For UDP transfers I got around 10Mbps but for TCP the result was only 10kbps which is really bad.

I tried if some older versions of Zephyr behaves better - fortunately v2.0.0 got me also around 10Mbps for TCP in zperf. With bisecting i found that this issue starts with d88f25bd763e2dfa70873b3c2321f2f8677d643d.

I hoped that reverting it will solve also the slow big_http_download but surprisingly the download speed is still suspiciously low. I will continue to investigate this tomorrow.

I do not know if these issues are related just with STM32 platform. I have just mentioned nucleo_f429zi and custom board with STM32F750 which has slightly different ethernet peripheral and my driver is written also using HAL. Both behaves in same way.

The issues I met so far with Zephyr networking stack pose a question to me if it is mature enough for production?

rlubos commented 2 years ago

@hakehuang What test code did you use on the Zephyr side, zperf? Note, there's currently a bug, fixed in https://github.com/zephyrproject-rtos/zephyr/pull/43379, w/o it you won't get decent results (the recv window gets filled and the communication stalls).

Also, please note that increasing the window size means that you also need to increase the RX pkt/buf count in the system, otherwise the effort is futile (net driver will start dopping packets, enforcing retransmissions from the server which has a great negative impact on the throughput). Increasing TX pkt/buf count a bit also makes sense, as we need to acknowledge each TCP packet received (I wonder if there's room for improvement here, in theory it should be enough to acknowledge once with larger ACK value).

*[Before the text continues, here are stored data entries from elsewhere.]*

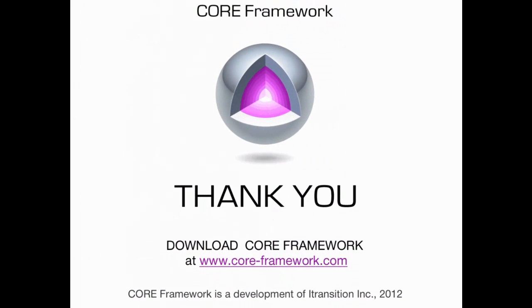The Core Framework is an awesome tool for .NET web developers. Free, open source, and available at www.core-framework.com. Enjoy!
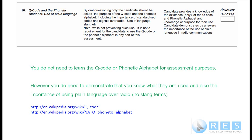The method is by oral questioning only. The candidate should be asked the purpose of the Q-code and the phonetic alphabet, including the importance of standardised codes and signals over radio. The use of slang is undesirable. Note: while not preventing such use, it is not a requirement for the candidate to use the Q-code or the phonetic alphabet in any part of their assessment. So you don't have to know the Q-code or the phonetic alphabet, but you do have to know why they're there.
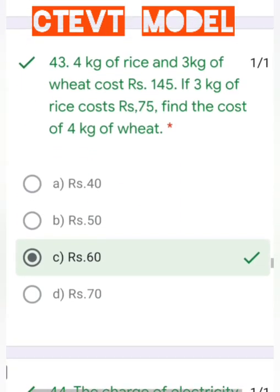Question number 43: 4 kg of rice and 3 kg of wheat cost Rs. 145. If 3 kg of rice costs Rs. 75, find the cost of 4 kg of wheat. Since 3 kg of rice is Rs. 75, find the price of 4 kg of rice, then subtract from Rs. 145 to find the cost of 4 kg of wheat.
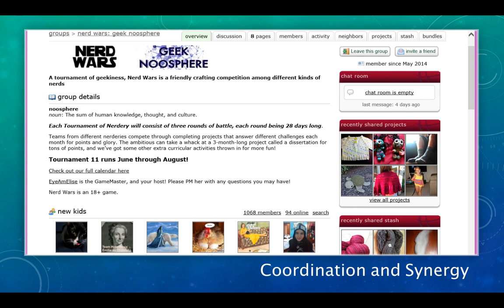Finally, communities of practice engage in coordinated activities. This is the Nerd Wars group where I participated in a Tournament of Nerdery one summer. Each month I posted projects that met the challenges issued for that month and earned points for my team. This is a fun way for Ravelry members to inspire each other to complete more projects. It also has a charity component.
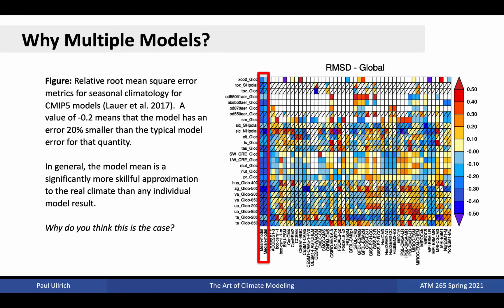This is because, while individual models can have positive or negative bias on any given field, by averaging across models, we can average out the structural uncertainty and focus purely on the natural variability. This result suggests that having a number of models, all taking different approaches to simulating the climate system, allows us to remove structural uncertainty and obtain deeper insights than any single model could provide. Thus, the diversity that exists within the climate model ecosystem is an indisputable strength.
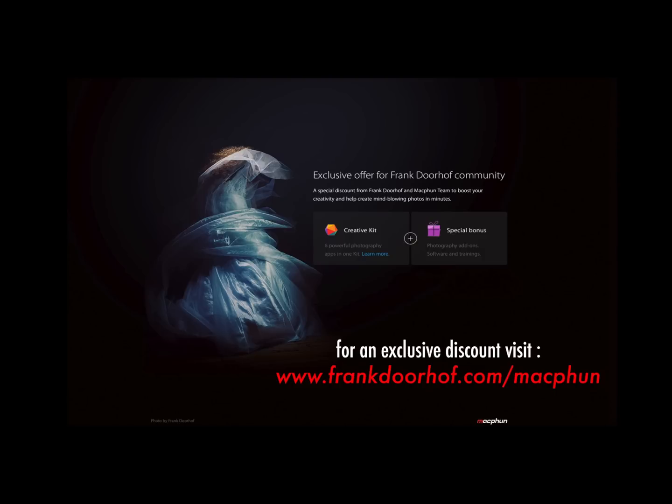This episode of QuiteFrankly was made possible by our friends from MacFun, great photo editing software for Mac. Go to our special MacFun community website for exclusive deals just for you guys.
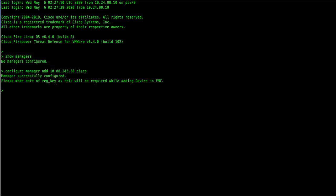Wait until you received a manager successfully configured message. Confirm your settings have been set. Enter again the show managers command. You should see the registration status as pending.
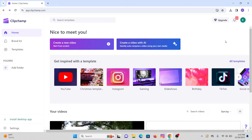Hello everyone, I'm Kia here and welcome back to our channel. In this video I'm going to show you how to make images move on CapCut. So without further ado, let's begin. On your desktop, go ahead and open CapCut and then make sure to log into your account.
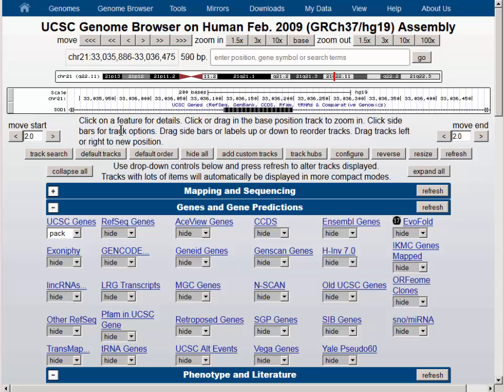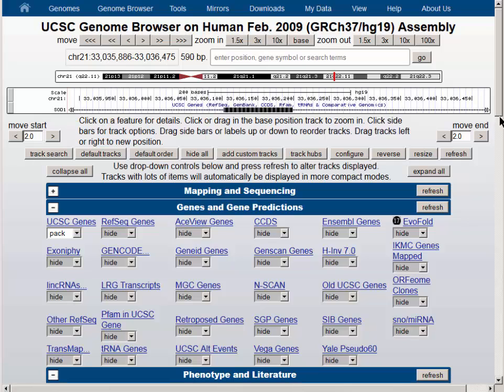So if you were zoomed into such an exon and you were interested to know which exon number it was, you can put your mouse over the double-headed arrows to the right or left of the screen. The previous exon is number one, and the next exon is number three.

hakehuang commented 2 years ago

Also, please note that increasing the window size means that you also need to increase the RX pkt/buf count in the system, otherwise the effort is futile (net driver will start dopping packets, enforcing retransmissions from the server which has a great negative impact on the throughput). Increasing TX pkt/buf count a bit also makes sense, as we need to acknowledge each TCP packet received (I wonder if there's room for improvement here, in theory it should be enough to acknowledge once with larger ACK value).

Thanks @rlubos , I will try the latest code, which merged 2 hours ago. and I see if I set the WIN_SIZE to 0, it will automatcially choose the right WINSIZE am I right?

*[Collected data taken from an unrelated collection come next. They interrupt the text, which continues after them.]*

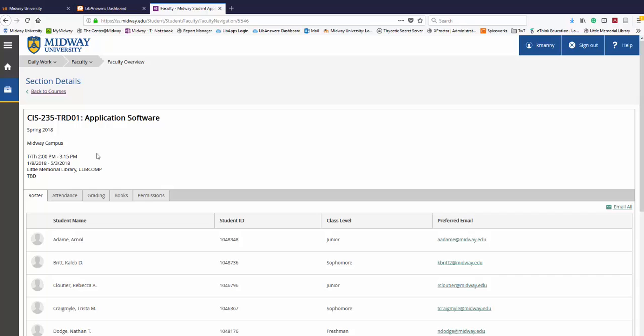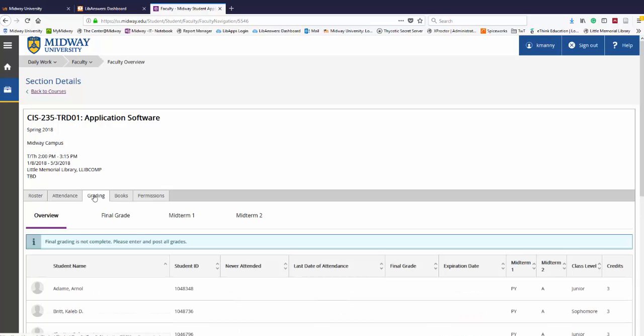In the course, click on the grading tab. On the grading tab, click on final grade.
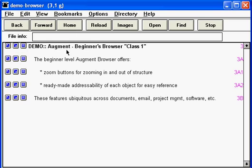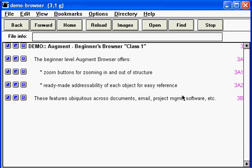So now let's turn our attention to where the real action is in the file window. What's been added here are the zoom buttons on the left for zooming in and out of the structure of the document, and the numbering on the right which is supplied automatically by Augment for every paragraph or line of code in a file.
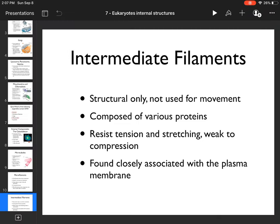That's it for the internal structures of eukaryotes. In the next lecture, we'll talk about the external structure of eukaryotes.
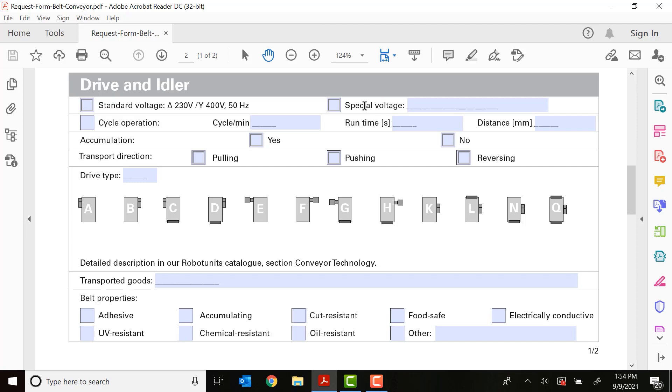Next is going to be your cycle time for your product run. So how long it's going to run, the run time, and how many cycles per minute you're looking at. Is this an accumulation conveyor? Yes or no? And then the next one, which is important, is the direction of travel. Are we going to be pulling the belt with the motor in front of the part? Or are we going to be pushing it with the motor at the back of the part? Or is this going to be potentially a reversing conveyor as well?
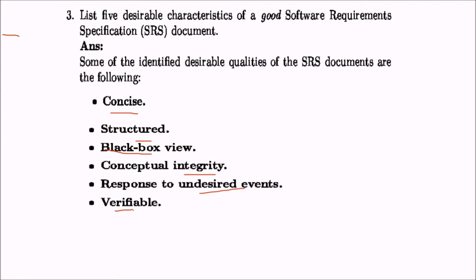Verifiable means if you want the project to succeed, verification is critical. For example, 'sunrise is in the east' is verifiable. But if you write in the SRS that 'the GUI should be good,' that is not verifiable — what parameters will you use to ascertain that the GUI is good? So all sentences in the SRS should be verifiable.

rlubos commented 2 years ago

Also, please note that increasing the window size means that you also need to increase the RX pkt/buf count in the system, otherwise the effort is futile (net driver will start dopping packets, enforcing retransmissions from the server which has a great negative impact on the throughput). Increasing TX pkt/buf count a bit also makes sense, as we need to acknowledge each TCP packet received (I wonder if there's room for improvement here, in theory it should be enough to acknowledge once with larger ACK value).

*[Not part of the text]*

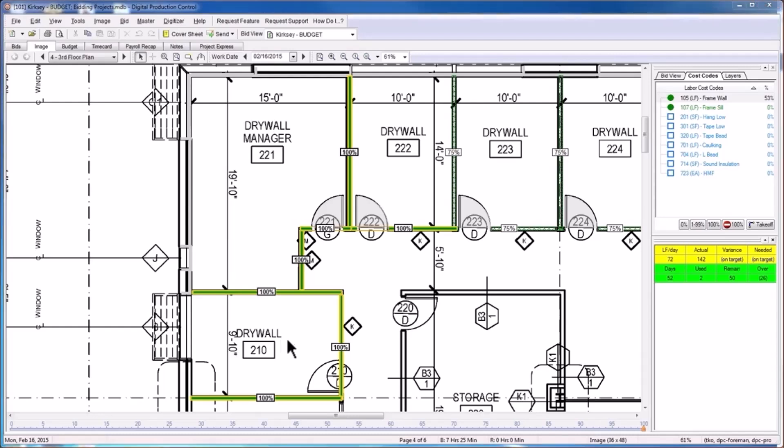Lastly, the 100% with the red symbol will hide all completed objects so that you can easily see what work remains to be done for that particular labor cost code.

Thanks @rlubos , I will try the latest code, which merged 2 hours ago. and I see if I set the WIN_SIZE to 0, it will automatcially choose the right WINSIZE am I right?

If window size is set to 0, the actual size will be chosen automatically, based on the number of avaialble buffers. The default value is pretty low though (~1k bytes) so I recommend increasing the buffer count anyway,

jukkar commented 2 years ago

2. I've noticed however, that ethenet_native_posix driver introduces an artificial delay on the RX path (https://github.com/zephyrproject-rtos/zephyr/blob/main/drivers/ethernet/eth_native_posix.c#L388) - reducing the delay size already improves the throughput w/o changes in the sample configuration.

I had to add artifical delay to native_posix Ethernet driver because if there was none, the application just started spinning and refused to do any work. Perhaps delay is no longer needed or it could be made smaller, in any case I would say native_posix is not a good platform for any performance related statistics.

rlubos commented 2 years ago

I've noticed however, that ethenet_native_posix driver introduces an artificial delay on the RX path (https://github.com/zephyrproject-rtos/zephyr/blob/main/drivers/ethernet/eth_native_posix.c#L388) - reducing the delay size already improves the throughput w/o changes in the sample configuration.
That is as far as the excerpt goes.